▶ **PROVIDED DATA**
┌────────

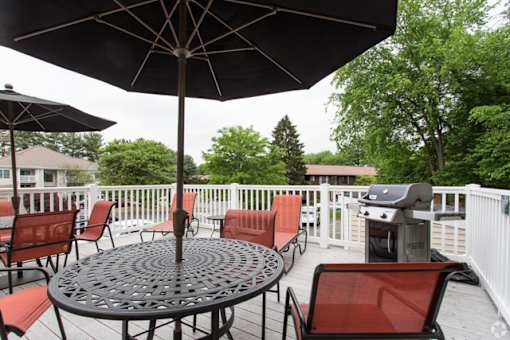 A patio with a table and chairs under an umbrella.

└────────
┌────────

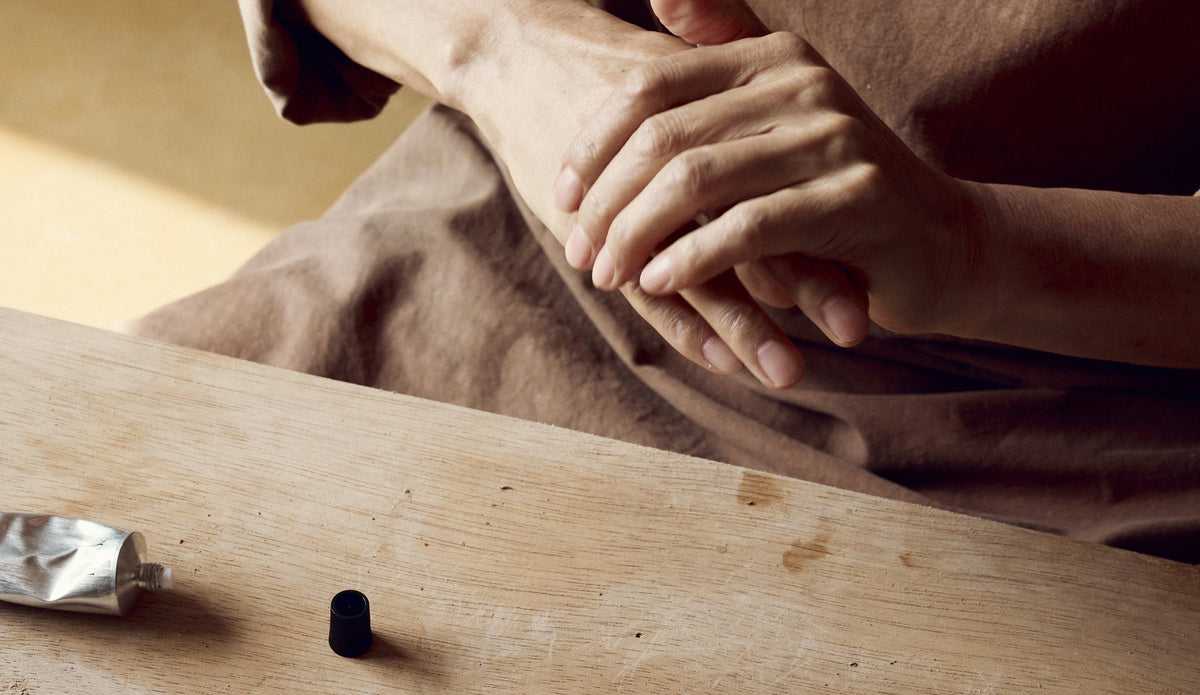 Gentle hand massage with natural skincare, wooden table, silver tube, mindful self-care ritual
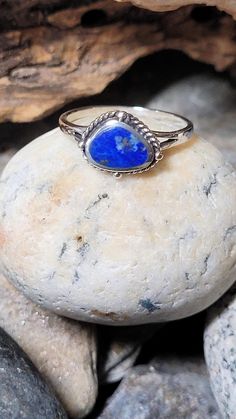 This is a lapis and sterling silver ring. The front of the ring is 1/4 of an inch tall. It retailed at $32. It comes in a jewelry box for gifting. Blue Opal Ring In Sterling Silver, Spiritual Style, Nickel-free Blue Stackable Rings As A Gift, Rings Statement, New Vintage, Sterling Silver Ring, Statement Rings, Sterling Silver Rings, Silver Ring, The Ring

└────────

Going by the data above, the answer is exactly the lines from the one holding "Gentle hand massage" to the one holding "This is a lapis", both kept, with the pictures left out.

 Gentle hand massage with natural skincare, wooden table, silver tube, mindful self-care ritual
 This is a lapis and sterling silver ring. The front of the ring is 1/4 of an inch tall. It retailed at $32. It comes in a jewelry box for gifting. Blue Opal Ring In Sterling Silver, Spiritual Style, Nickel-free Blue Stackable Rings As A Gift, Rings Statement, New Vintage, Sterling Silver Ring, Statement Rings, Sterling Silver Rings, Silver Ring, The Ring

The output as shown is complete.